Lors de son audition, il a déclaré être arrivé en Suisse en 2008 ou en 2009. Il n'était pas resté en Suisse de manière continue, dès son arrivée à 2012. Il avait fourni de faux documents aux autorités au nom de E______ SA pour prouver ses années à Genève. Les faux documents lui avaient été remis par son ancien patron, F______. Il avait également fourni de fausses indications relatives à sa domiciliation. Il reconnaissait avoir partagé et détenu des vidéos à caractère pornographique « pour rigoler ».

g. Le 13 avril 2021, l'OCPM l’a informé de son intention de refuser de soumettre son cas au secrétariat d'État aux migrations (ci‑après : SEM) avec un préavis favorable et de prononcer son renvoi de Suisse.

Il ressortait du rapport d'arrestation du 25 février 2021 qu'il avait produit des documents falsifiés, notamment des fiches de salaire, dans le but d'induire en erreur l'OCPM afin d'obtenir frauduleusement une autorisation de séjour. Dans ces circonstances, sa situation ne répondait pas aux critères de l' « opération Papyrus » ni à ceux relatifs à un cas individuel d'extrême gravité. Il n'avait pas démontré une intégration socioculturelle particulièrement remarquable. Son comportement correspondait au comportement ordinaire qui pouvait être attendu de tout étranger souhaitant obtenir la régularisation de ses conditions de séjour. Il n'avait pas démontré une très longue durée de séjour en Suisse ni aucun élément permettant de déroger à cette exigence. Il n'avait pas démontré qu'une réintégration dans son pays d'origine aurait de graves conséquences sur sa situation personnelle indépendamment des circonstances générales affectant l'ensemble de la population restée sur place. Dans toutes ses demandes de visas, il avait indiqué vouloir rendre visite à sa famille qui se trouvait au B______.

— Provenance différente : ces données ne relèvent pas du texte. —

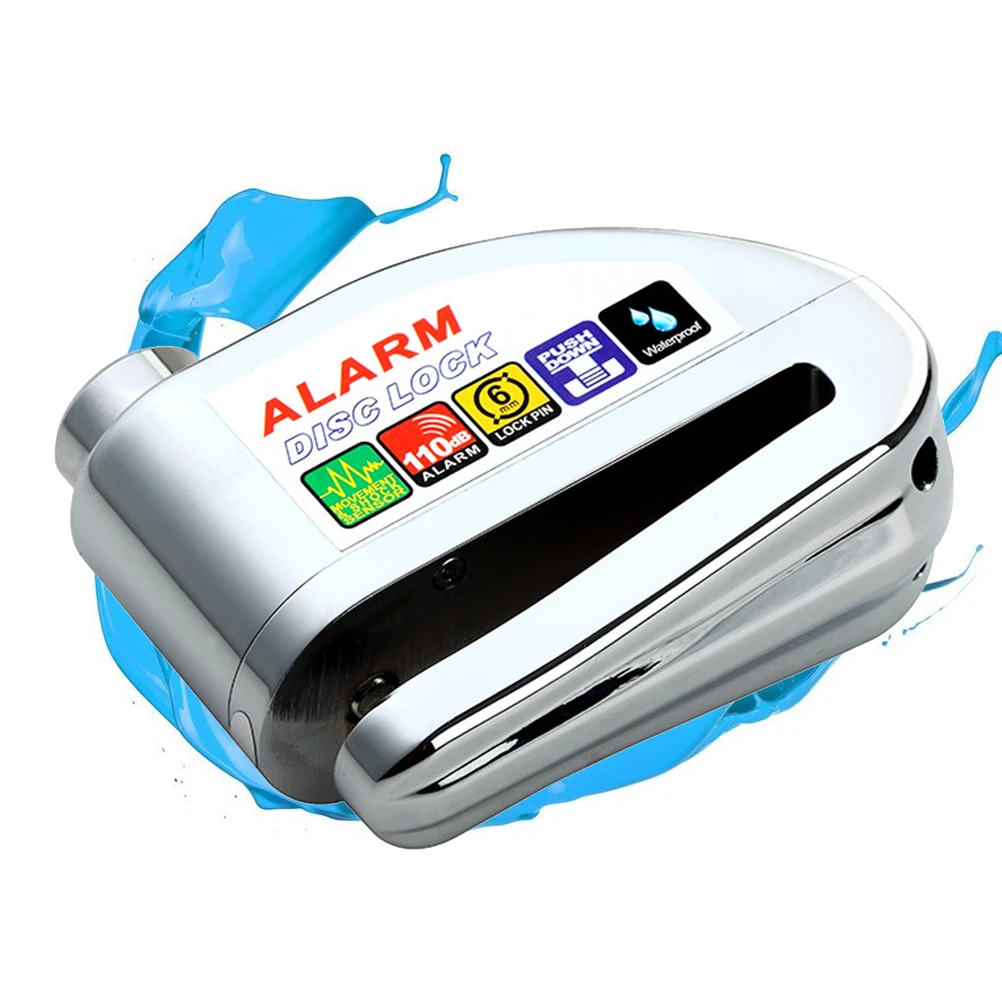 Замок дисковый мотоциклетный водонепроницаемый с сигнализацией Противоугонный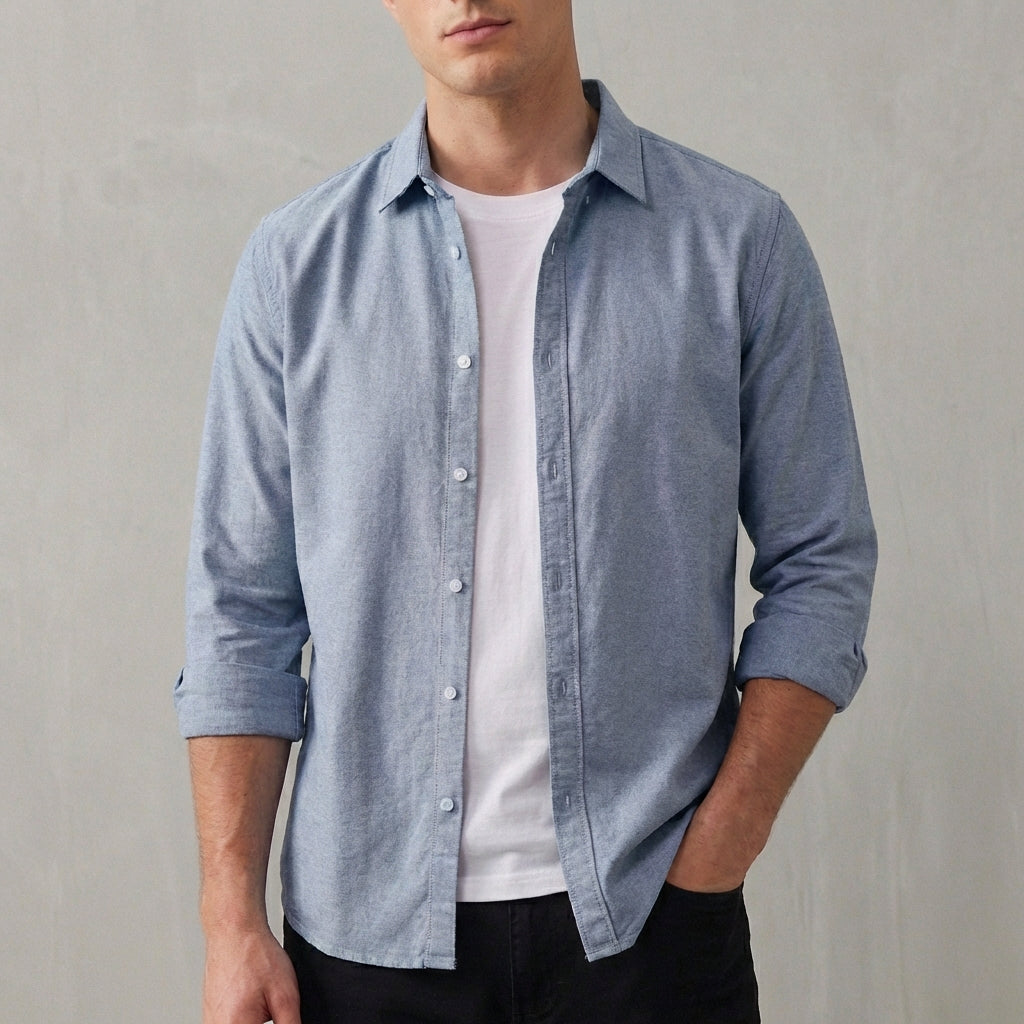 Casual Button-Up Shirt for Men – Effortless Style & Everyday Comfort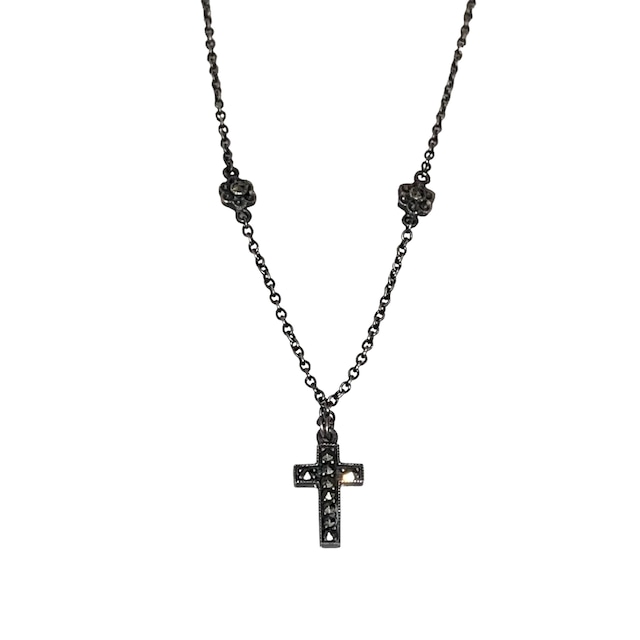 vintage ANNA SUI cross pendant necklace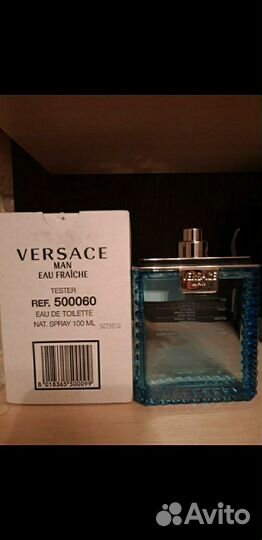 Versace man eau fraiche 100мл оригинал тестер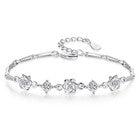 925 Sterling Silver Crystal Star Charm Bracelet Women Girls Jewellery Gift UK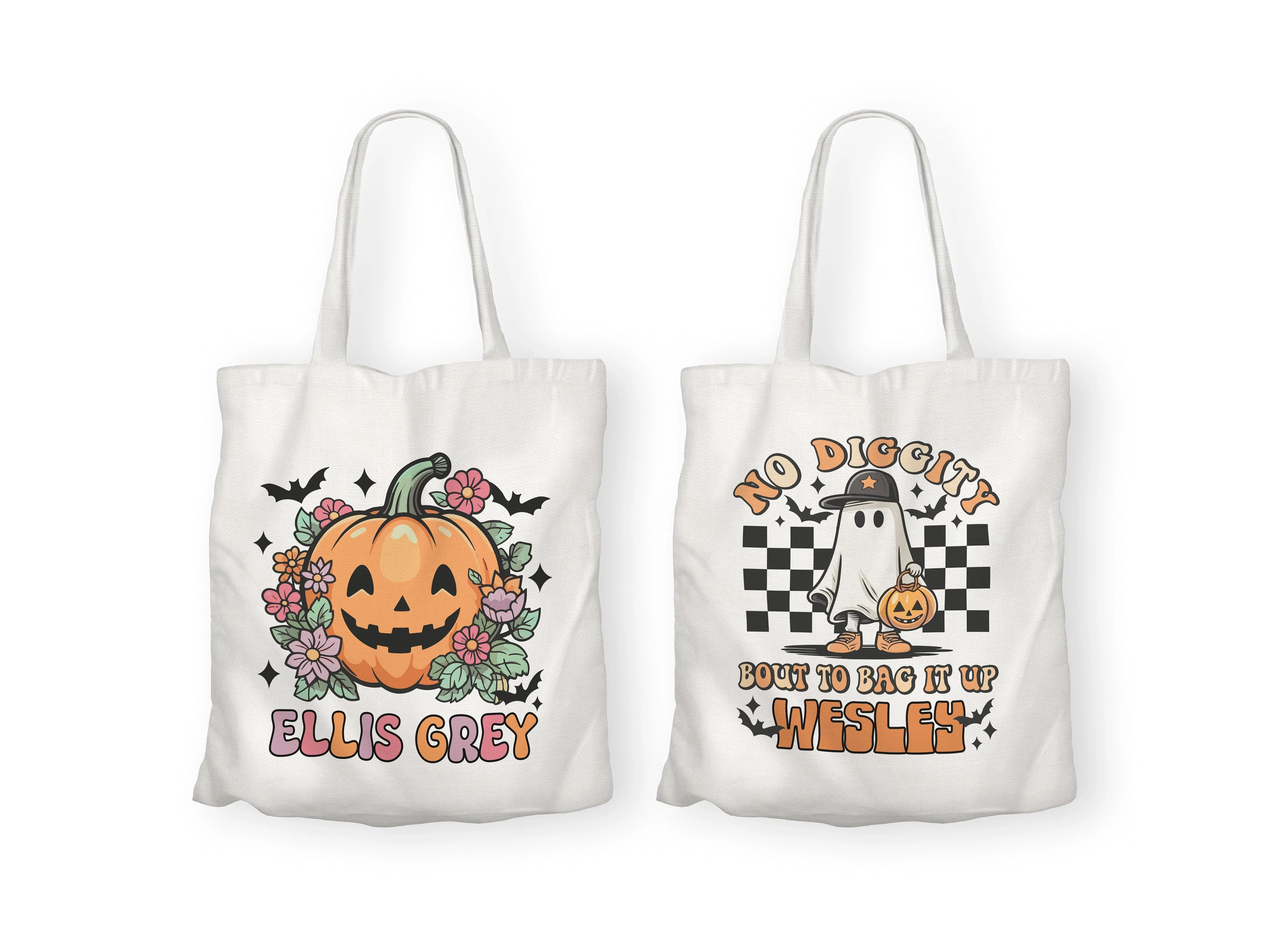 WS Custom Halloween Bag - Groovy Halloween
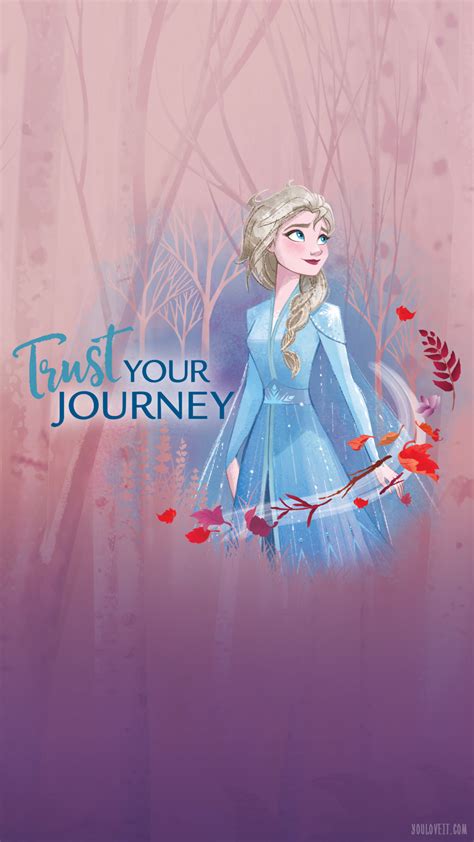 Big Frozen 2 phone wallpapers with Elsa - YouLoveIt.com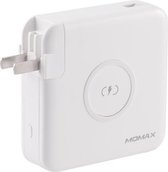 MOMAX IP93MFI Q.Power Plug PD Snel opladen Reislader Stroomadapter met MFI-kabel (wit)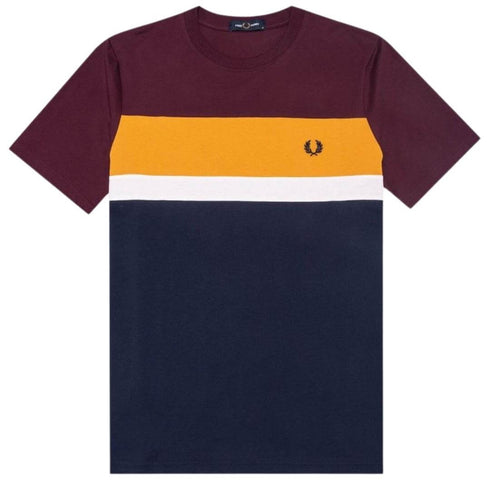 Fred Perry M9581 799 Colourblock Burgundy T-ShirtFred PerryT-Shirt£50.0£50.0Calle Couture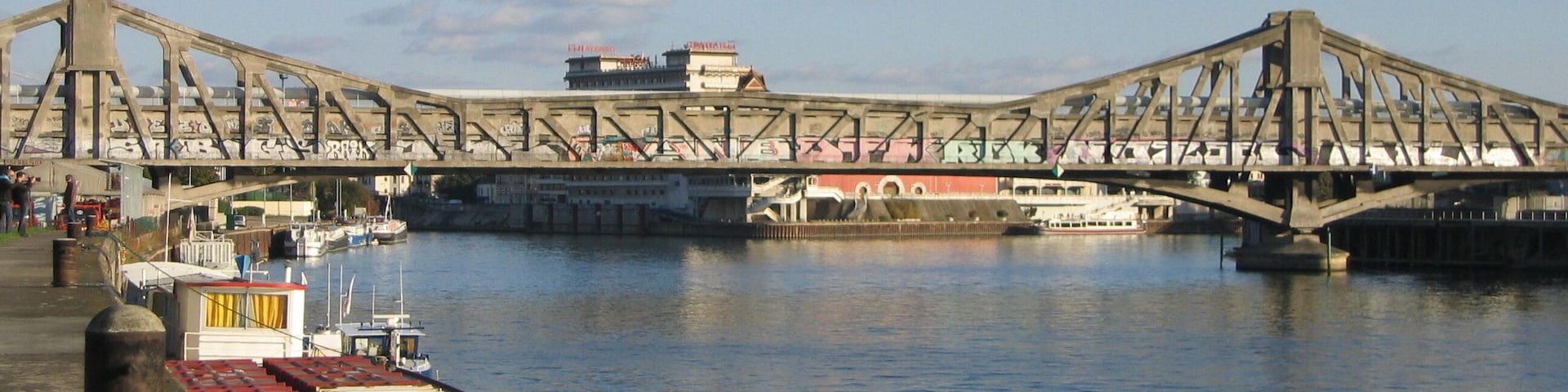 La confluence de la Marne et de la Seine à Alfortville.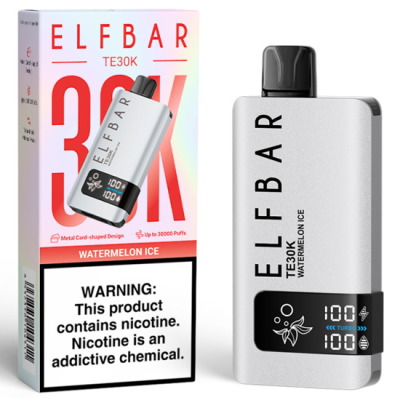 VAPER DESCARTAVEL ELFBAR TE30K WATERMELON ICE 30000 PUFFS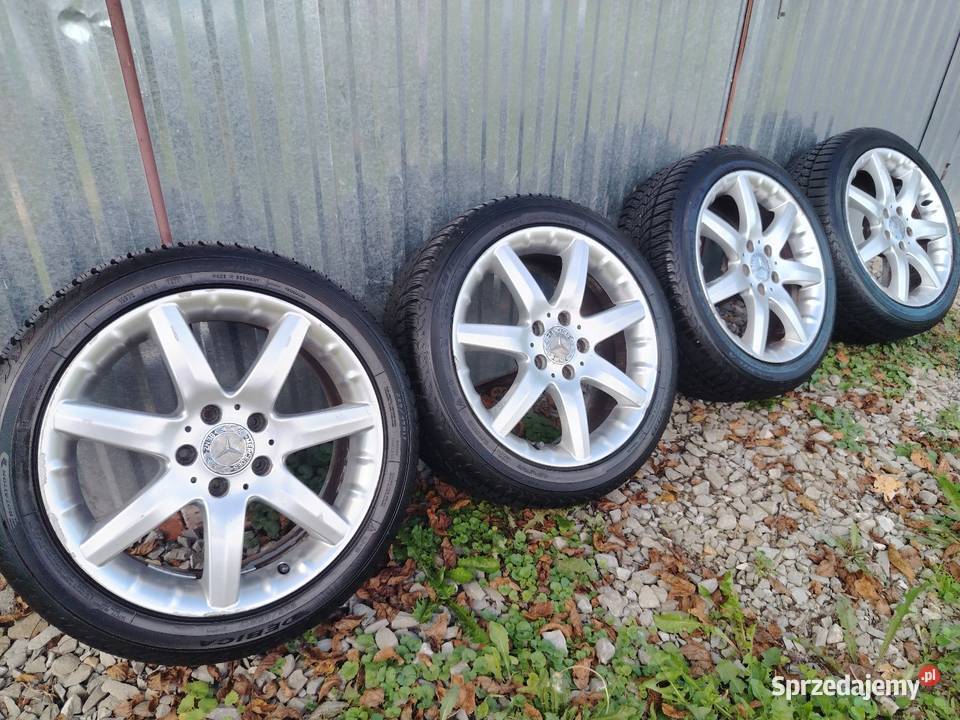 Alufelgi 5x112 nowe opony zimowe 22545R17 Kozłówek sprzedam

h. Le 21 juin 2021, A______ a fait part de ses observations à l'OCPM. Comme il n'avait pas reçu de fiches de salaire de E______ SA à l'époque, il avait demandé plusieurs années après à l'administrateur de cette société, un certain Fernando, un document démontrant son activité pour cette société. Celui-ci lui avait remis des fiches de salaire en 2019. Il n'en demeurait pas moins qu'il avait vraiment travaillé pour cette entreprise. Puis son ancien employeur avait finalement accepté de lui faire, après coup, de vraies « fausses fiches ».

i. Par décision du 29 juin 2021, l’OCPM a refusé de soumettre son cas au SEM avec un préavis favorable, pour les motifs invoqués dans son courrier d’intention du 13 avril 2021. Son renvoi, possible, licite et raisonnablement exigible, a également été prononcé, un délai au 29 août 2021 lui étant imparti pour quitter la Suisse.

B. a. Par acte du 31 août 2021, A______ a recouru auprès du Tribunal administratif de première instance (ci-après : TAPI) contre cette décision, concluant à son annulation et à l'octroi d'une autorisation de séjour. Préalablement, la procédure devait être suspendue jusqu'à droit connu dans la procédure pénale diligentée à son encontre. Sa comparution personnelle et l'audition de G______ devaient être ordonnées.

b. Le 8 octobre 2021, le TAPI a prononcé la suspension de l'instruction du recours.

c. En date du 24 octobre 2022, A______ a transmis au TAPI le dispositif du jugement du Tribunal de police du 28 juin 2022, le reconnaissant coupable de pornographie, de séjour illégal pour la période du 28 juin 2015 au 16 mai 2018, d'exercice d'une activité lucrative sans autorisation pour la période du 28 juin 2015 au 16 mai 2018, de faux dans les titres et de tentative de comportement frauduleux à l'égard des autorités, l’acquittant d'entrée illégale, de séjour illégal pour la période du 17 mai 2018 au 24 février 2021 et d'exercice d'une activité lucrative sans autorisation pour la période du 17 mai 2018 au 24 février 2021, classant la procédure s'agissant des infractions de séjour illégal et d'exercice d'une activité lucrative sans autorisation pour la période du 24 février 2014 au 27 juin 2015 et le condamnant à une peine pécuniaire de 180 jours-amende, assortie du sursis avec délai d’épreuve de trois ans.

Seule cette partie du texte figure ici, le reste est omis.